Crítica: Baby Driver


Baby Driver dirigida por Edgar Wright

Tras el paso por el cada vez más famoso festival de Texas SXSW, la última creación del cineasta británico Edgar Wright, de título ‘Baby Driver‘, nos sitúa en Estados Unidos, donde un joven conductor trabaja para un mafioso realizando fugas de atracos. A falta de un último trabajo para saldar su deuda y dejar la vida criminal, comienza una historia de amor con una camarera. La particularidad de Baby, que así se llama el protagonista, es que desde que sufrió un accidente de coche cuando era pequeño, tiene problemas auditivos, y es solo mediante la música cuando consigue subsanar un constante pitido.

Wright utiliza como principal recurso para su película las canciones, y monta las secuencias mediante cortes rápidos en base a ellas.

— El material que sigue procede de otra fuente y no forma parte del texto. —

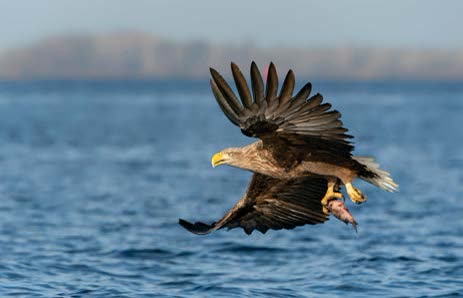 Sea eagle in flight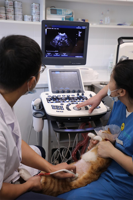 Appareils de diagnostic ultrasonores portables, échographe Doppler couleur cardiaque et vasculaire, machine à ultrasons vétérinaire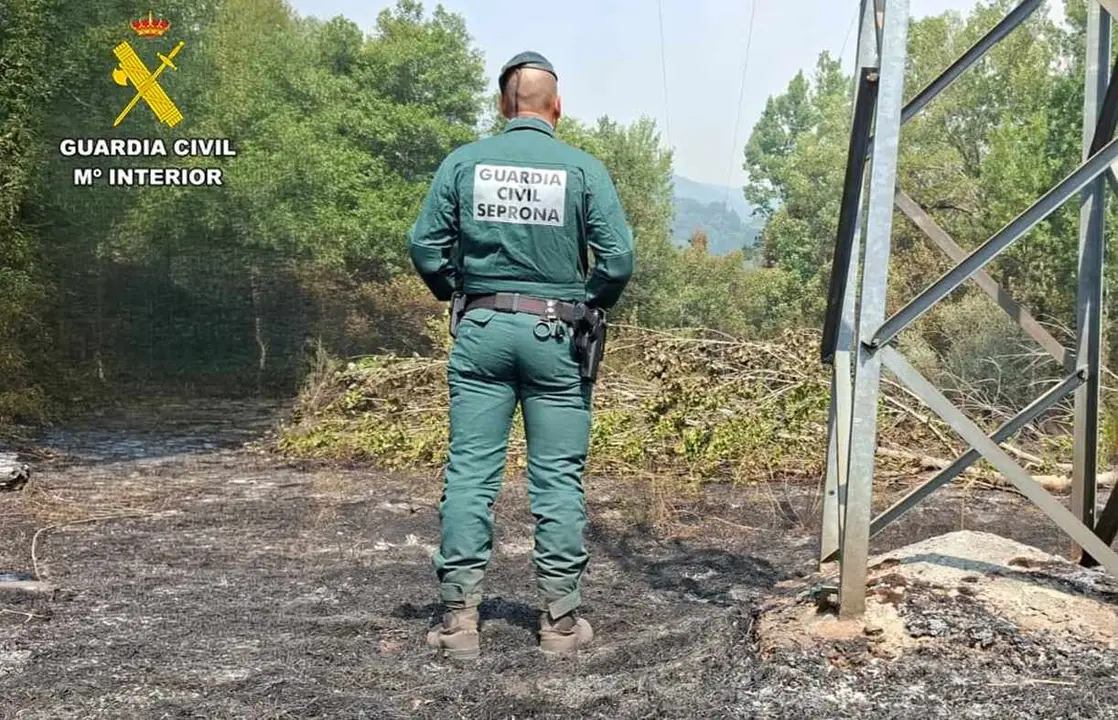 Un Guardia Civil del Seprona en el lugar del origen del incendio.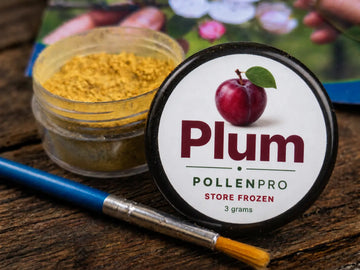 PollenPro plum pollen with lid removed and application brush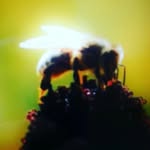 Walter.Schmidt - @lopus48 - Instagram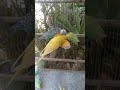 🛍️日本で買えるインコのお気に入りグッズ🐦✨ #おすすめ 🛍️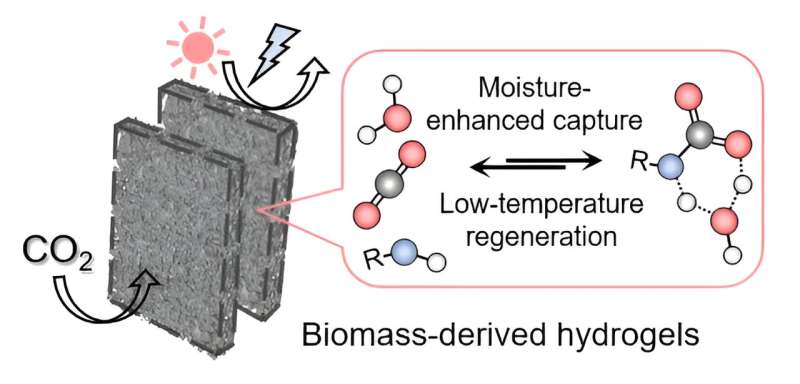 Sustainable Carbon Capture: New Gel Film Reduces Energy Costs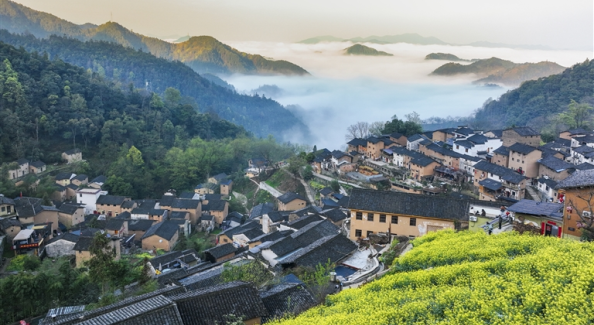 土楼春景入画来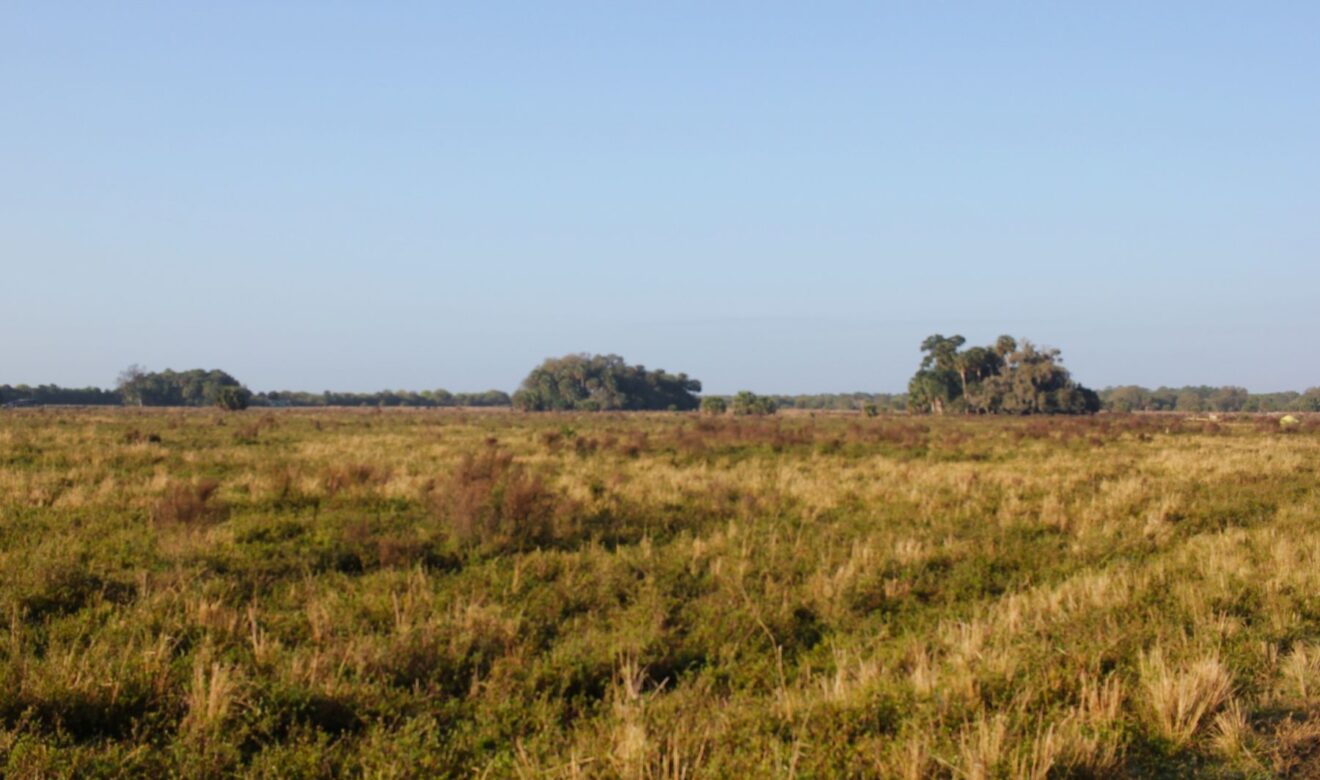 Open Pastures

Esto consigue crear un tono frenético, en el que al espectador no se le da respiro, ni siquiera al principio, que comienza con una impresionante y muy elaborada escena de persecución. Sin embargo, es en ese alocado ritmo donde se encuentra aquello que lastra ligeramente el conjunto en torno al final.

Baby Driver dirigida por Edgar Wright
Escena de «Baby Driver» dirigida por Edgar Wright. Fuente: Sony Pictures

No se le puede negar a ‘Baby Driver‘ tener estilo personal, y probablemente sea una de las películas más entretenidas y dinámicas que se podrán ver en la cartelera este verano. La primera hora, funciona como un tiro, es divertida y explosiva, y pese a los clichés -que los hay- tiene la suficiente fuerza y encanto como para que no lleguen a considerarse un problema. El bajón viene más tarde, con una segunda mitad algo más errática, en la que Edgar Wright se empeña en dilatar las -espectaculares, eso sí- escenas de acción, hasta caer en cierta monotonía, gastando la frescura inicial. La fórmula se va agotando.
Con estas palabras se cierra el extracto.